WaPo reports that an environmental activist is under arrest after successfully bidding $1.8 million dollars he didn't have on 22,000 acres of federal land at a federal auction:
Instead of joining his protester friends on the snowy sidewalk outside the Bureau of Land Management office in Salt Lake City, Tim DeChristopher took a seat inside. In a room milling with oil and gas men who knew one another by sight, he was the unknown in a red parka, registering as a bidder in an auction for the rights to drill on 149,000 acres of federal land. DeChristopher was handed a red paddle bearing the number 70.

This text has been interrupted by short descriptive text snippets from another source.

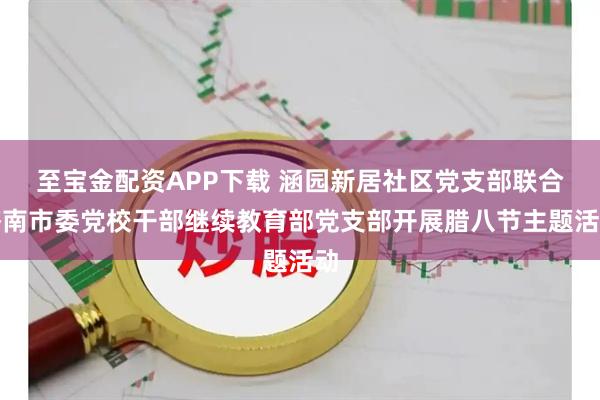 至宝金配资APP下载 涵园新居社区党支部联合济南市委党校干部继续教育部党支部开展腊八节主题活动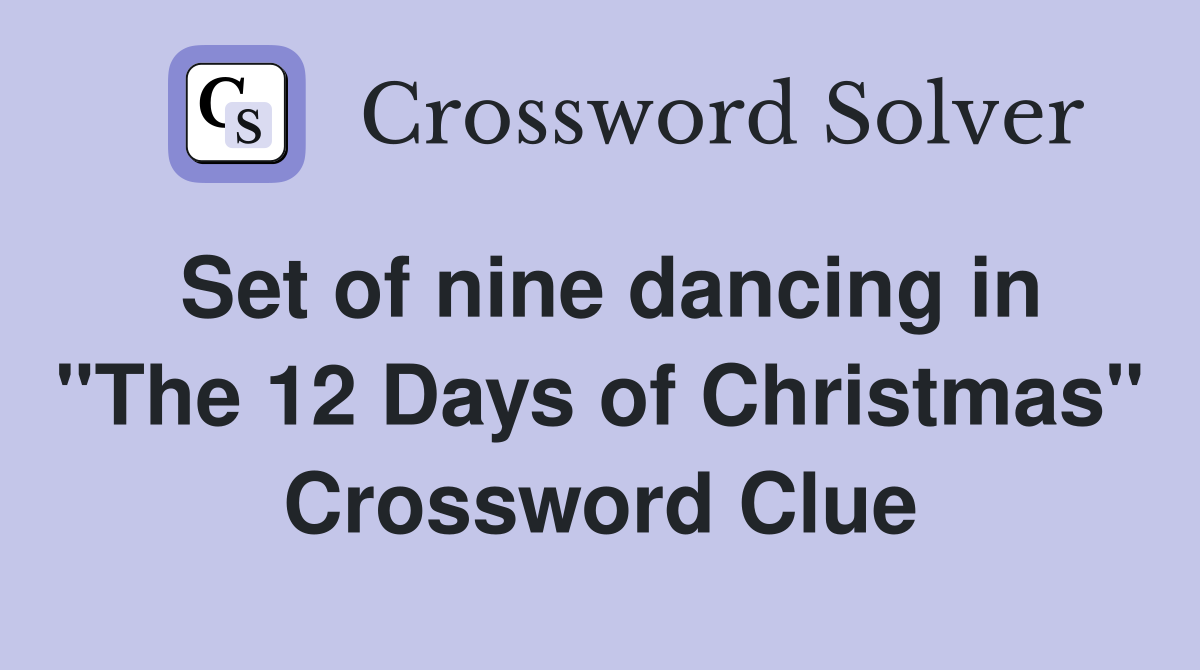 Set of nine dancing in "The 12 Days of Christmas" Crossword Clue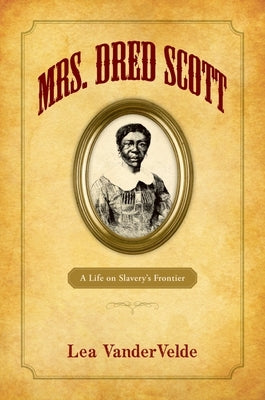 Mrs. Dred Scott: A Life on Slavery's Frontier by Vandervelde, Lea S.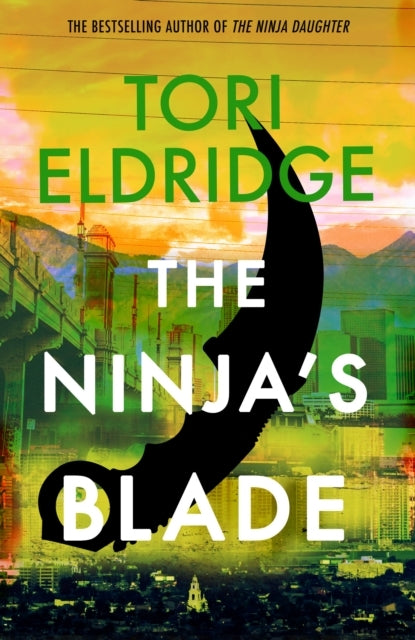 The Ninja'S Blade  Lily Wong #2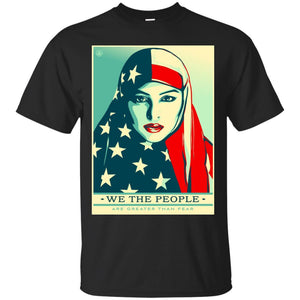 We The People Are Greater Than Fear T-Shirt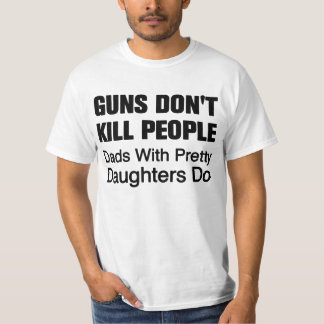 Guns Don't Kill People T-Shirt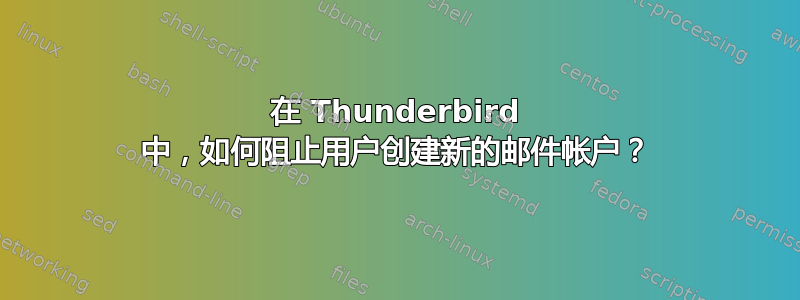 在 Thunderbird 中，如何阻止用户创建新的邮件帐户？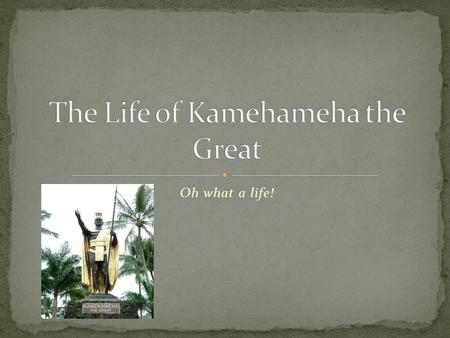 Oh what a life!. Parents: Mother: Keku`iapoiwa II Father: Kahekili chief of Maui or Keoua Kalani (debate on who was his biological father) Where: Kohala.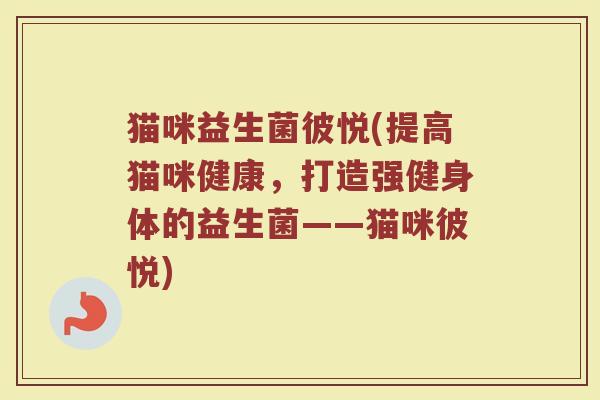猫咪益生菌彼悦(提高猫咪健康，打造强健身体的益生菌——猫咪彼悦)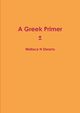 Greek primer, Stearns Wallace N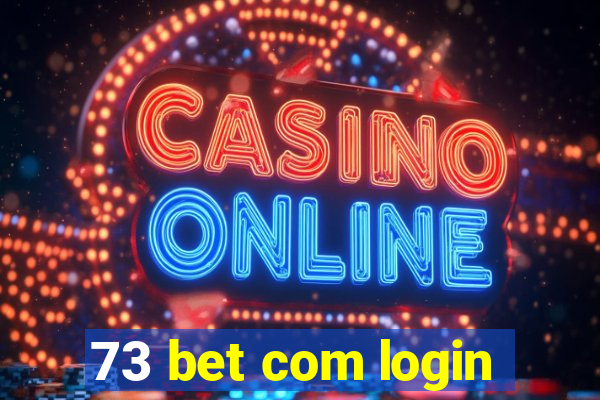 73 bet com login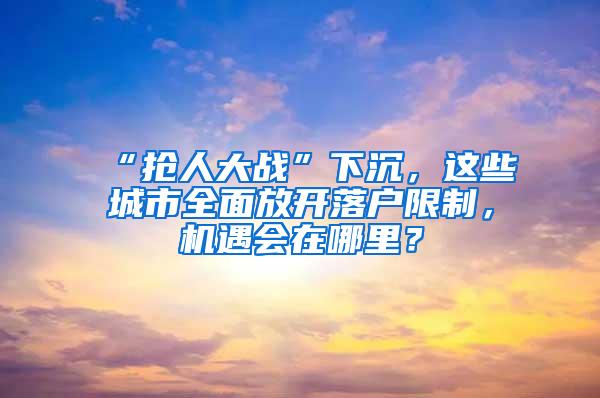 “抢人大战”下沉，这些城市全面放开落户限制，机遇会在哪里？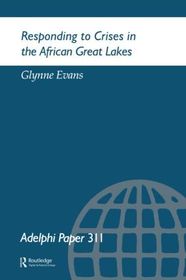 Responding to Crises in the African Great Lakes: Adelphi Paper 311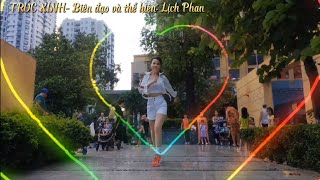 TRÚC XINH-Shuffle dance -Biên đạo : Lịch Phan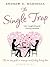 The Single Trap: The two-step guide to escaping it and finding lasting love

Half an hour later, he was raising it.
"I leaned forward to one of my colleagues and said, 'This guy behind us is just running up the prices,' " said David Terry, a Salt Lake City oil-land man who routinely attends the BLM auctions. "And my friend said, 'Yeah, he's going to get stuck with a tract.' "
The University of Utah economics student got stuck with 13. Promising the federal government $1.8 million he does not have, DeChristopher emerged holding leases on 22,000 acres in the scenic southeast corner of Utah.
He might have gone home with more had federal agents not led him out of the room after he secured the rights to a dozen parcels in a row, finally just holding his paddle over his head, even between offers. The U.S. attorney is considering charges that a spokeswoman declined to specify.
There are many potential reactions to this, but my reaction is that, instead of beefing up its security, BLM needs to rethink the rules of its auctions, perhaps employing a little game theory. For example, maybe BLM should hire DeChristopher to show up and bid at all its auctions, because the government is obviously leasing federal lands for less than the market will bear.